Serbia’s persistent landmine and explosive remnants of war (ERW) contamination began during the dissolving of the Former Republic of Yugoslavia in the 1990s. North Atlantic Treaty Organization air strikes during the campaign to halt ethnic cleansing in Kosovo caused further contamination. Landmines and ER W from previous eras of conflict continue to affect communities throughout Serbia as well.
In FY2009, the Office of Weapons Removal and Abatement in the U.S. Department of State’s Bureau of Political- Military Affairs (PM/WRA) provided nearly $6.7 million to fund six mine/unexploded ordnance (UXO) clearance projects, a survey and land release project, and to support the demilitarization and destruction of munitions and improvements to the physical security and stockpile management of Serbian facilities. These funds were channeled through the International Trust Fund for Demining and Mine Victims Assistance in close coordination with the Serbia Mine Action Center in Belgrade. These operations were completed by a combination of local, regional, and international demining organizations: Norwegian People’s Aid (NPA) performed the survey and land release work while the clearance projects were completed by PMC Engineering, a Serbian company (two projects); Enigma, a Croatian company (one project); and UXB Balkans, a Bosnian company (three projects).
As a result of the clearance operations, all of which were conducted in Sid municipality, 1,162,848 square meters of land were returned to safe use, directly benefitting the 3,900 inhabitants of the villages of Morovic and Jamena where the operations took place. The explosive threats destroyed during the course of these operations totaled 129 Europe pieces of UXO, 27 anti-tank mines, and 35 anti-personnel mines. Serbia also destroyed over 3,700 man-portable air-defense systems (SA-7) systems.

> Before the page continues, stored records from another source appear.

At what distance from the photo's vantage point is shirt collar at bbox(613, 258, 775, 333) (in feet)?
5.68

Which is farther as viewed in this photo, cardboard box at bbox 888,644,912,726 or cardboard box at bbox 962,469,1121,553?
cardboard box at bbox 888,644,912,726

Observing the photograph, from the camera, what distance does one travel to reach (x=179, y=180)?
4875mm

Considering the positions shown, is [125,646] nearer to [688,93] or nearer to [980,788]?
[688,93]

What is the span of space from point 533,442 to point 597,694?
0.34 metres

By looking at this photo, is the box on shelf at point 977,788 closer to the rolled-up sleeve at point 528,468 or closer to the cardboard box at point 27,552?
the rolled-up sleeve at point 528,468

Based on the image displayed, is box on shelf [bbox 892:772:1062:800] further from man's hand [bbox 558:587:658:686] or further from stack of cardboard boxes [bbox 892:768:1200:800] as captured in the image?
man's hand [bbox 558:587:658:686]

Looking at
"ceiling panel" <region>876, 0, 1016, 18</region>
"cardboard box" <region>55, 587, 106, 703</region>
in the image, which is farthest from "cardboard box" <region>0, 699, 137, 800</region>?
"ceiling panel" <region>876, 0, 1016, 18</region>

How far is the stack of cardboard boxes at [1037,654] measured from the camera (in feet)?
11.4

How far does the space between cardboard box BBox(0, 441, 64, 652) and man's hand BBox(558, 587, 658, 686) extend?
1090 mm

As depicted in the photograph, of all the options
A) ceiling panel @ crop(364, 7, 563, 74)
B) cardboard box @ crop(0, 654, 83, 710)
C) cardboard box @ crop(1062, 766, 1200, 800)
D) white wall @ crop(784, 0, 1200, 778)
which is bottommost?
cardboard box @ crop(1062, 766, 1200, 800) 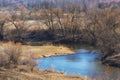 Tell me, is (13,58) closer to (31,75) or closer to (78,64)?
(31,75)

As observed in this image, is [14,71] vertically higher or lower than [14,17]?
higher

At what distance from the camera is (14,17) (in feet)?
224

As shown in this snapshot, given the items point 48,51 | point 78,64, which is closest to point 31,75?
point 78,64

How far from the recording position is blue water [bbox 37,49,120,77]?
3616cm

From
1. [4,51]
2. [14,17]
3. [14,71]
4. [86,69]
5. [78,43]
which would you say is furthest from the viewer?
[14,17]

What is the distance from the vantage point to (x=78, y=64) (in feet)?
137

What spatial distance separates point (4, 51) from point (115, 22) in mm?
27357

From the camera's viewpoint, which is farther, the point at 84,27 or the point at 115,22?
the point at 84,27

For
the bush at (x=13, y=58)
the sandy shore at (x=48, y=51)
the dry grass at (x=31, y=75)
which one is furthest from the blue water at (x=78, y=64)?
the dry grass at (x=31, y=75)

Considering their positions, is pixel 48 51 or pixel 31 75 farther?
pixel 48 51

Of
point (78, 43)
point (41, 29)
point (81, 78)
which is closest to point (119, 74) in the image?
point (81, 78)

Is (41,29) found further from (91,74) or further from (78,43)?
(91,74)

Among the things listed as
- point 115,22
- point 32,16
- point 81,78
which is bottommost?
point 32,16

Although initially tasked with surveying 10 square kilometers, NPA actually completed the survey of over 20 square kilometers (20,356,049 square meters) during 2009. As a result, it is estimated that over 6.6 square kilometers will be released for use as containing no explosive threats. Of the remaining 13.7 square kilometers identified as risk areas, it is estimated that 12 square kilometers will be targeted for further survey and land release processing during 2010.
Ukraine is working to destroy excess stockpiles of small arms and light weapons (SA/LW), man-portable air-defense systems (MANPADS), and munitions under a U.S.-led North Atlantic Treaty Organization (NATO) Partnership for Peace (PfP) project. Seventeen donor countries (in addition to the United States) and the European Union made financial contributions to the project. They are: Austria, Bulgaria, Canada, Germany, Hungary, Iceland, Ireland, Latvia, Lithuania, Luxembourg, the Netherlands, Norway, Poland, Slovakia, Switzerland, Turkey, the United Kingdom, and the European Union.

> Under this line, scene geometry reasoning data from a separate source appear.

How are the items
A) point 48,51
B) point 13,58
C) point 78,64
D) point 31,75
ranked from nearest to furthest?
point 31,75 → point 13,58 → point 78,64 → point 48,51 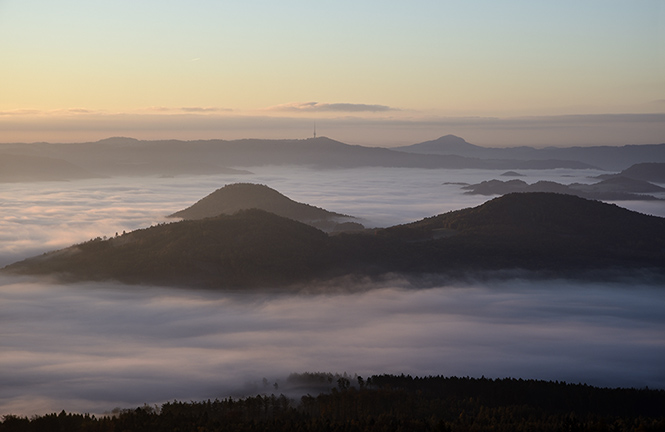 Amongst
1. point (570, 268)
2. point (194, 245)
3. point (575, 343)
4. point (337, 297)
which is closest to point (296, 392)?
point (575, 343)

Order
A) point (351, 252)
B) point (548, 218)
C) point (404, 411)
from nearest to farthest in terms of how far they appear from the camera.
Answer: point (404, 411)
point (351, 252)
point (548, 218)

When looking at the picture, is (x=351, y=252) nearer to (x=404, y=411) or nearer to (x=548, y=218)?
(x=548, y=218)

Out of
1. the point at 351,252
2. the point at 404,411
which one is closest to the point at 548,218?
the point at 351,252

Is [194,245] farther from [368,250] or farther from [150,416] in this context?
[150,416]

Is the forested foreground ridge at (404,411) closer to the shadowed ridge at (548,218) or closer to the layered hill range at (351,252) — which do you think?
the layered hill range at (351,252)

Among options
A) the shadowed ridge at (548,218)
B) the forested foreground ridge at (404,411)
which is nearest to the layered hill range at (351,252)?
the shadowed ridge at (548,218)

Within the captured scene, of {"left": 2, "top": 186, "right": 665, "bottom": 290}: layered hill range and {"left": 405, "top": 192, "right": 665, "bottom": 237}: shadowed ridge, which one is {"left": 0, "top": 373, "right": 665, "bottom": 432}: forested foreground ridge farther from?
{"left": 405, "top": 192, "right": 665, "bottom": 237}: shadowed ridge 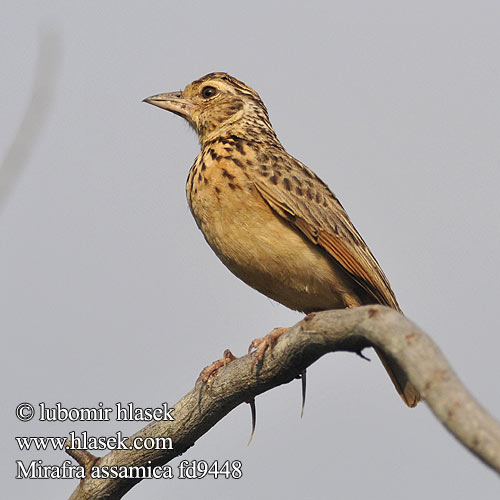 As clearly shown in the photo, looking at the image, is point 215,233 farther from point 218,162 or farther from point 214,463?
point 214,463

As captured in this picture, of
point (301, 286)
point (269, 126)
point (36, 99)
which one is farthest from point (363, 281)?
point (36, 99)

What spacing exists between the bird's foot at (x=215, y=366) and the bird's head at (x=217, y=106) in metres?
3.26

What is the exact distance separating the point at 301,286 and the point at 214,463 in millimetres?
1794

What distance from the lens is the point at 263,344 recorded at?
6.73 metres

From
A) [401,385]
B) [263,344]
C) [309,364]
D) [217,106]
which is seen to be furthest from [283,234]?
[217,106]

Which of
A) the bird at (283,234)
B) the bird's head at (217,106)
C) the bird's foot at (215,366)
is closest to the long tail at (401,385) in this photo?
the bird at (283,234)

This is one of the largest weapons and munitions destruction projects in history, and represents the largest PfP project undertaken by NATO. The project is in response to Ukraine’s request for help in eliminating 133,000 tons of munitions and 1.5 million SA/LW. The stockpiles, mainly dating from the Soviet era, pose a potential proliferation risk and are a threat to public safety and the environment. The proposed four-phase project will last a projected 12 years and will cost approximately $27 million in donor contributions, with Ukraine providing most of the operational and inkind demilitarization costs. Phase 1 will cost donors $8.5 million, of which the United States contributed $6.442 million, and includes plans for the destruction of 15,000 tons of munitions, 400,000 SA/LW, and 1,000 MANPADS.
Ammunition destruction began in late 2009 with just under 4,500 tons destroyed before the end of the year. SA/LW destruction restarted in December 2009 with 10,400 weapons destroyed before January 2010. A total of 142,393 weapons have been destroyed and the project will continue into 2010.